▶ [TASK REQUIREMENTS]:
Say only the number of lines in the entries below that contain "with".

▶ [WORKING DATA]:
———

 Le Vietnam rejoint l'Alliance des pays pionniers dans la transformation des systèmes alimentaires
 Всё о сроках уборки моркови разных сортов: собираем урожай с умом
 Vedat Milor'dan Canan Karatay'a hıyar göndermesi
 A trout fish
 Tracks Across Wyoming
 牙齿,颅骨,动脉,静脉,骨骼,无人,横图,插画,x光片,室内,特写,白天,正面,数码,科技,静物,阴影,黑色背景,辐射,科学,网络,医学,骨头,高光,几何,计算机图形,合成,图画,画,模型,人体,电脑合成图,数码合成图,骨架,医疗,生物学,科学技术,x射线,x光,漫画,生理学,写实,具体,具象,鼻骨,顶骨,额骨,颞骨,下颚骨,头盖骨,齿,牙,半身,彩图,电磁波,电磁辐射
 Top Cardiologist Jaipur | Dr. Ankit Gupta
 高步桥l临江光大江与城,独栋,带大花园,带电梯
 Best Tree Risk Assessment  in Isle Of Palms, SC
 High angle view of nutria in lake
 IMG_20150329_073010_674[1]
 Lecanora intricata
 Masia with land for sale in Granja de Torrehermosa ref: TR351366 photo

———

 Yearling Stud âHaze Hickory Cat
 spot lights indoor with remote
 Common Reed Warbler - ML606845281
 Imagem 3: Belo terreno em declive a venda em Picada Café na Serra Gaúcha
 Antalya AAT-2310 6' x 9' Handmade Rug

———

▶ [EXPECTED OUTPUT]:
2